I still don't think you guys understand the point. The Plan Is To Win Now. THIS YEAR! Not next year or the year after. THIS YEAR!


The One said:


> Winning an NBA tite his strongly based on how you finish the season and chemistry. It would be nice if paper matchups were absolute, which in that case the Lakers can beat anybody period, but it is not. The best example is the Spurs. When they win the championship it is because of how they get healthy right at the start of march and make that run for the playoffs. The only team that I can remember in the past 10 years that did not finish very strong and won the championship is the Miami team a couple of years ago.
> 
> *Kobe want's to win now while it is still possible for the rest of the team to be completely healthy a month before the playoffs start. We have already seen how we can't trust the Lakers to go relatively injury free for a whole season and I believe Kobe knows this and is seriously concerned about it - there is a good chance that Gasol gets injuried during the Olympics (which is why the Grizz traded him to begin with) and Odom, Ronny, Bynum, and Kobe himself getting injured next season costing them the championship again*.


----------



## Eternal (Sep 7, 2005)

afobisme said:


> what? if we stay a bit under .500 we won't make the playoffs. i think it's something like 4 1/2 games that separate the 1st seed and the 8th seed.


We most likely would. We'd be at the 50 win mark, and alot of the teams after the all-star break face each other, so their records will be going down as well, and things will start to even out.


----------



## Eternal (Sep 7, 2005)

The One said:


> I still don't think you guys understand the point. The Plan Is To Win Now. THIS YEAR! Not next year or the year after. THIS YEAR!


The best chance for us to win this year would be for Kobe to get that surgery and hopes the team can still sneak into the playoffs. Sure chemistry etc. would be nice going in, but Kobe is a vital part obviously for us doing anything in the playoffs. A 80% Kobe isn't going to win it all, like I said earlier. He relies too much on that jump shot, and it's going to be off if his pinky is injured the way it is. 

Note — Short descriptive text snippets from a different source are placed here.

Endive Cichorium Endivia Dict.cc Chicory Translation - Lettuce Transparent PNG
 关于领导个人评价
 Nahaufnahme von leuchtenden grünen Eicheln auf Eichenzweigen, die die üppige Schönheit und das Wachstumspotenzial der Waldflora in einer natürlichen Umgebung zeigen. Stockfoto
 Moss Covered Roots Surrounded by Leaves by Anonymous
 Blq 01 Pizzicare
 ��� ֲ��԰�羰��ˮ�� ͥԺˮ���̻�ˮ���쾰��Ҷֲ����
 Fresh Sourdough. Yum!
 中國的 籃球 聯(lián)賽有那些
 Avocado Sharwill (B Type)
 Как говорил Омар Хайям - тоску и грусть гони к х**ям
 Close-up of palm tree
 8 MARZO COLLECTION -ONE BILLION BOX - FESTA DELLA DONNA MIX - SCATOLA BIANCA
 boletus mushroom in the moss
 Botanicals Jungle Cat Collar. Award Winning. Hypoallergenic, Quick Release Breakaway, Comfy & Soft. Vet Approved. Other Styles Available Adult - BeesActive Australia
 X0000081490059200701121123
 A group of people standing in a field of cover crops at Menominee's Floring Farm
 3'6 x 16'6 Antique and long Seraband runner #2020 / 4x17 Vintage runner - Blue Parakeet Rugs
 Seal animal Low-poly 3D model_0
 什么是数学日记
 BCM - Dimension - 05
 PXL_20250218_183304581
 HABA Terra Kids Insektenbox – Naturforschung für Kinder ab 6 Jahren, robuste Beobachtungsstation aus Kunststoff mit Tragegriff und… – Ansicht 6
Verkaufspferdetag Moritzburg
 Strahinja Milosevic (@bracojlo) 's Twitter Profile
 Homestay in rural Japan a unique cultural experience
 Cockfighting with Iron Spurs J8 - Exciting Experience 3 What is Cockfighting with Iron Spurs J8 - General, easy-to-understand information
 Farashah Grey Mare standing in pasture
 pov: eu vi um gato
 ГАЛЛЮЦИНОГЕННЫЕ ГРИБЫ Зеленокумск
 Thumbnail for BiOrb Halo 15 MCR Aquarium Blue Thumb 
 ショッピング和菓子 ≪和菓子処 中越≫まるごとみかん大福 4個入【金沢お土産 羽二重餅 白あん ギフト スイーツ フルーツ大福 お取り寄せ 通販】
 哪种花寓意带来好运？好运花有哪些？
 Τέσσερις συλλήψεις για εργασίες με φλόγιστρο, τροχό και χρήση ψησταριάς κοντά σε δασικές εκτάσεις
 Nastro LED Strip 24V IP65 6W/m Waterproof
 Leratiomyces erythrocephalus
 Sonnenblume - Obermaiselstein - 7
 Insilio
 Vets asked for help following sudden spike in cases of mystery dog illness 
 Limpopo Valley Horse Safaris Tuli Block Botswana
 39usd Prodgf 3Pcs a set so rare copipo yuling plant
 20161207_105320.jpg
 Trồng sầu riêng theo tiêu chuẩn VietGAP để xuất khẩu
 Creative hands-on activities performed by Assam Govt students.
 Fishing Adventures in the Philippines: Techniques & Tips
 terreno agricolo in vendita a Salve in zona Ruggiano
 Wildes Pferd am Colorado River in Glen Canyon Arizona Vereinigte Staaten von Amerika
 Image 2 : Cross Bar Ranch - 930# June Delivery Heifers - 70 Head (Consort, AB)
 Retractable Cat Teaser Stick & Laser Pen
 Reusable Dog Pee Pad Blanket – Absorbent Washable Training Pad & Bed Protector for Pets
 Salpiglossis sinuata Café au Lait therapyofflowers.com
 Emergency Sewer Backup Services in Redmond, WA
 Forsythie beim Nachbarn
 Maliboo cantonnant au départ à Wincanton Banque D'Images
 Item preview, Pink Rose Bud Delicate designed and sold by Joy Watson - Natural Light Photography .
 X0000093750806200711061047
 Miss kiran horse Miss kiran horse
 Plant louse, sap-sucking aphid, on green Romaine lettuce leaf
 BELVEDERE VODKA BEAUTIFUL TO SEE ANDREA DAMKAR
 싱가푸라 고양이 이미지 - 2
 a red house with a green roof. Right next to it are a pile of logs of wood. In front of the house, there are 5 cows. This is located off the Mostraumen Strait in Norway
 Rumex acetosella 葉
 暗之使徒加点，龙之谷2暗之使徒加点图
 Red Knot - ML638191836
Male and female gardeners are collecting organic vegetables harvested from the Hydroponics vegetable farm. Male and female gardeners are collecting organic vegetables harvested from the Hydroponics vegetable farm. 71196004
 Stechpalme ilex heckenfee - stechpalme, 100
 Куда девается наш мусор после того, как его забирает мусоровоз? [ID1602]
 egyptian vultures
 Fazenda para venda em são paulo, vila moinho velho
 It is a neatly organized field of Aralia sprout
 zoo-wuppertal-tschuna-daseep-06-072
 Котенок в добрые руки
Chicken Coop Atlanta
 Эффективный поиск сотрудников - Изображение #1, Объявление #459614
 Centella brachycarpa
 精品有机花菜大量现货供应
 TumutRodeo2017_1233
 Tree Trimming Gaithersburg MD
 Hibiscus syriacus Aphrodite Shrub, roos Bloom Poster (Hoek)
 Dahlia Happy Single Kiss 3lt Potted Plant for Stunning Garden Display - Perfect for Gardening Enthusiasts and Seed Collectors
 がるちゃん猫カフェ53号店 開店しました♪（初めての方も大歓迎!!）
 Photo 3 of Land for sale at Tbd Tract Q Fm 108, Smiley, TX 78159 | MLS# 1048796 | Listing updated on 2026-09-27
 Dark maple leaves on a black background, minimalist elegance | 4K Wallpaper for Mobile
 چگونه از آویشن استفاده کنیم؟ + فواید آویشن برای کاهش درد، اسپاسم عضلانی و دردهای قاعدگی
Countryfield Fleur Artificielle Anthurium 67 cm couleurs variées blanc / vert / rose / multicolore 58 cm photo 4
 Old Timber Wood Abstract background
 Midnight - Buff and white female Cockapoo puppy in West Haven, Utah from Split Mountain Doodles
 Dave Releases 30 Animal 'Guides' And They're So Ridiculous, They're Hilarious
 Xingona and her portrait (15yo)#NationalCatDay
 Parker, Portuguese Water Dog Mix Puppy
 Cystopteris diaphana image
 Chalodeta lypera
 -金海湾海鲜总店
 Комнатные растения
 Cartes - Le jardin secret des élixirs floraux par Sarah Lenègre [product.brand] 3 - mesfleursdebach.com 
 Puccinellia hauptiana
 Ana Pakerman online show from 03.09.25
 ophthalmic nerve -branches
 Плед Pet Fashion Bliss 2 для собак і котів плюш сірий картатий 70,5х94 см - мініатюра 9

If he reinjures that again, I don't think he is going to hold off the surgery anymore... which teams will be aiming for that pinky of his.


----------



## afobisme (Apr 29, 2006)

Eternal said:


> We most likely would. We'd be at the 50 win mark, and alot of the teams after the all-star break face each other, so their records will be going down as well, and things will start to even out.


we face those teams a lot too, so that's just an excuse. we play dallas 3 times, houston once, portland 4, warriors 2 times, phoenix, san antonio, utah twice (i think), new orleans twice... 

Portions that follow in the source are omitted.